Après deux années de restrictions sanitaires liées au Covid-19, vous envisagez certainement d’organiser une fête de fin d’année afin de favoriser la cohésion de vos équipes et de récompenser le travail accompli par vos salariés. Pour des raisons pratiques, cet évènement peut se dérouler hors du temps de travail et à l’extérieur de l’entreprise. Mais attention, certains incidents (accident, comportement inapproprié…) peuvent venir jouer les trouble-fête, voire engager votre responsabilité. Explications.

À consommer avec modération

L’une des premières questions à régler est celle de la consommation d’alcool de vos salariés au cours de la fête de fin d’année. Certes, vous pouvez tout à fait, pour des motifs liés à la sécurité et à la santé de vos employés, interdire toute boisson alcoolisée ou, tout du moins, ne pas en mettre à leur disposition. Mais il est probable qu’une telle mesure paraisse disproportionnée et ne soit pas respectée…

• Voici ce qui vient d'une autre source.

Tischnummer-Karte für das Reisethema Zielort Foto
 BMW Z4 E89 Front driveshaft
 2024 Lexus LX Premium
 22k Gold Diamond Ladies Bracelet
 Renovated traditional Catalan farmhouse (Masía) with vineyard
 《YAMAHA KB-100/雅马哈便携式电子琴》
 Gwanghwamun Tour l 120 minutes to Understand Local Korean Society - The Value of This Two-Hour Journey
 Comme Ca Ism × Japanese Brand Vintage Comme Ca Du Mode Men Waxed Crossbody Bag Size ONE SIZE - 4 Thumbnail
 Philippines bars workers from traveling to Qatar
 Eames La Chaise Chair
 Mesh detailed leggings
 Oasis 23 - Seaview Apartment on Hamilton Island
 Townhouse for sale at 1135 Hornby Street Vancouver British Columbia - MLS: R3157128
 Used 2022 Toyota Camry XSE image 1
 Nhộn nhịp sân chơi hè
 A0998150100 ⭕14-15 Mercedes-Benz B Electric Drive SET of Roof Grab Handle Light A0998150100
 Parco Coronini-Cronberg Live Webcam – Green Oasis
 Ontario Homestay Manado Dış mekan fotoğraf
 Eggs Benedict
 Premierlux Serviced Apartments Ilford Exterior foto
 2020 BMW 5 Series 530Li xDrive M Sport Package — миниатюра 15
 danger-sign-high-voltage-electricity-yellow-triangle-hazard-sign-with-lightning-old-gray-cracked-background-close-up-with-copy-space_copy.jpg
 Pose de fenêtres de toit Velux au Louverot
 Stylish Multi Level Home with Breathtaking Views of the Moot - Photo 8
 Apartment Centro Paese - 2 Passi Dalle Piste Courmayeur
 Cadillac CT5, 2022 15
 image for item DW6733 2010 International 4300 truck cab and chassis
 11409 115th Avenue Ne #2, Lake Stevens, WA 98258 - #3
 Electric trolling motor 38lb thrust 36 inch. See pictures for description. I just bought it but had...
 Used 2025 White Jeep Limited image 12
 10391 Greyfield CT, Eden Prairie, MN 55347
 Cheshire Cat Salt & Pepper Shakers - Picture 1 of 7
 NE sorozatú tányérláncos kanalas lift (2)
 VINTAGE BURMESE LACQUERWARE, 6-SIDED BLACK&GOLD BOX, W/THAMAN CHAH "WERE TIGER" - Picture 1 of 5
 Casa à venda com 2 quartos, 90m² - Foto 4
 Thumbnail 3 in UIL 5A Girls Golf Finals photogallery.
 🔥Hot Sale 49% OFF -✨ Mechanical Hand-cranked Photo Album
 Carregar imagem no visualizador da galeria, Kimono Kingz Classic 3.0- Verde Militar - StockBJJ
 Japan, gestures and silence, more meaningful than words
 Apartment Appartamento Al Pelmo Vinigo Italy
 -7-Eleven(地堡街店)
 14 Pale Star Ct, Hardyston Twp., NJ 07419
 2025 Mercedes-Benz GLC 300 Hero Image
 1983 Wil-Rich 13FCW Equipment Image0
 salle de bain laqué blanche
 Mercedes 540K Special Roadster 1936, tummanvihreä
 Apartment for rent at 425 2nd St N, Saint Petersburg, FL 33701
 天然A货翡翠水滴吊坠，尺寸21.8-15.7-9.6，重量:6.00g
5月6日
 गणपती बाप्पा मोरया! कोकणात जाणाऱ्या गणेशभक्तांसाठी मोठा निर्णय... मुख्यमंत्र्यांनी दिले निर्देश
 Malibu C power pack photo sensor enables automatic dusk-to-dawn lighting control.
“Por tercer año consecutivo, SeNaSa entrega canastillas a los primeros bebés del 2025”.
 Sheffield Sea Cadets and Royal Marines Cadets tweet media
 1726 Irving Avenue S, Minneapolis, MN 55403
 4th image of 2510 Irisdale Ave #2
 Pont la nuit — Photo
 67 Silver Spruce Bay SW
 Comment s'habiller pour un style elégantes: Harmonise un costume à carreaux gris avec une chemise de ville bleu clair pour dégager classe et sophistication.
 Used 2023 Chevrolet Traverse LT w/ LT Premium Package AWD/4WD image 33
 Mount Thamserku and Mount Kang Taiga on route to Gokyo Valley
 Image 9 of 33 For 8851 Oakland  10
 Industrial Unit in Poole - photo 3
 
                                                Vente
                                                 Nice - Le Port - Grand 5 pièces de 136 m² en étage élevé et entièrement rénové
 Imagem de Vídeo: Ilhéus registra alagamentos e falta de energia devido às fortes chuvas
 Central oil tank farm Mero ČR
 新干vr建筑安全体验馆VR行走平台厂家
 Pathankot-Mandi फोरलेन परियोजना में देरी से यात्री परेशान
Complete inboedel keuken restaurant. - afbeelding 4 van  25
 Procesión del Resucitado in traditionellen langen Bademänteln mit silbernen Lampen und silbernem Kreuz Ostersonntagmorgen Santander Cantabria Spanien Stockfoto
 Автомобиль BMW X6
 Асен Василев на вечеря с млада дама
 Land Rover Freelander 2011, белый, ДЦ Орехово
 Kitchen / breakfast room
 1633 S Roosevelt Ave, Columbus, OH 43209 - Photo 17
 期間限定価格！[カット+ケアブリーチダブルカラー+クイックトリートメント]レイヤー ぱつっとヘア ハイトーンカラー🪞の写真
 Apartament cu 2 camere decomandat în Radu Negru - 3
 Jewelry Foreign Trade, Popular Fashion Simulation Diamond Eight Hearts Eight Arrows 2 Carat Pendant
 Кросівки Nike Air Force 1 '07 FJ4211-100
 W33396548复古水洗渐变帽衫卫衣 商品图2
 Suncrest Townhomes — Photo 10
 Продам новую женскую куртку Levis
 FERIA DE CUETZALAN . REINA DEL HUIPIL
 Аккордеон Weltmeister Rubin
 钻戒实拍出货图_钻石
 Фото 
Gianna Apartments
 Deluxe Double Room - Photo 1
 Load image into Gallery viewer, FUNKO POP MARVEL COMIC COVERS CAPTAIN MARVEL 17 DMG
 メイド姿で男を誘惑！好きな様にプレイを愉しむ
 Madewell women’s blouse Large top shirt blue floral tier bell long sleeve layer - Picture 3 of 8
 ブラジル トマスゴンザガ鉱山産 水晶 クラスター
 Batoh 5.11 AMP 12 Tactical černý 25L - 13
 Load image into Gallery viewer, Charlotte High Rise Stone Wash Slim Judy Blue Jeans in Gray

Aussi, vous pouvez autoriser une consommation d’alcool modérée tout en prenant des précautions pour prévenir les dérives. À ce titre, l’Institut national de recherche et de sécurité (INRS) préconise, par exemple, de limiter les quantités d’alcool proposées, de fournir des boissons non-alcoolisées, de mettre des éthylotests à la disposition de votre personnel et d’établir une procédure à suivre en cas d’incapacité d’un salarié à repartir avec son véhicule.

Attention : l’employeur qui ne prend pas toutes les précautions pour prévenir les risques liés à la consommation d’alcool peut voir sa responsabilité engagée en cas d’accident. Tel est le cas, par exemple, lorsqu’il fournit de grandes quantités d’alcool aux salariés et qu’un accident mortel survient en fin de soirée.

La sécurité avant tout

Tout comme au sein de l’entreprise à l’occasion du travail, vous devez mettre en place toutes les mesures nécessaires pour assurer la sécurité de vos salariés lors du déroulement de la fête de fin d’année. Et pour cause, si un accident survient durant l’évènement, il peut être considéré comme un accident du travail. C’est en tout en cas ce qu’en ont déduit les juges à l’égard d’un salarié qui avait reçu un bouchon de champagne dans l’œil à l’occasion d’un pot organisé après le travail.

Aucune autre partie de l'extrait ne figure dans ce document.